::: Raw data :::

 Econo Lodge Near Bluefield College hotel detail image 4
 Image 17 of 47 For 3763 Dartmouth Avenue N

:::
::: Raw data :::

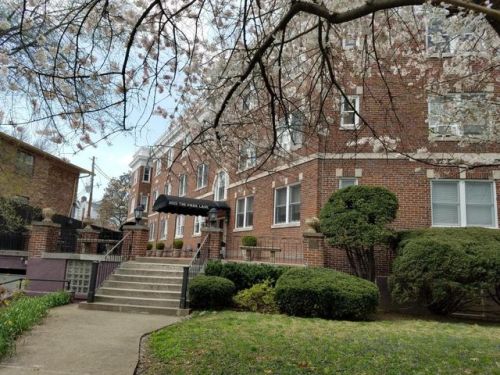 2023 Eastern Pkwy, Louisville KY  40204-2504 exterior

:::

* Work instruction *
For the listing above, print only the lines starting at the line containing "Econo Lodge Near" and ending at the line containing "Image 17 of 47 For 3763 Dartmouth Avenue N", exactly, both included.

* Response for this exercise *
 Econo Lodge Near Bluefield College hotel detail image 4
 Image 17 of 47 For 3763 Dartmouth Avenue N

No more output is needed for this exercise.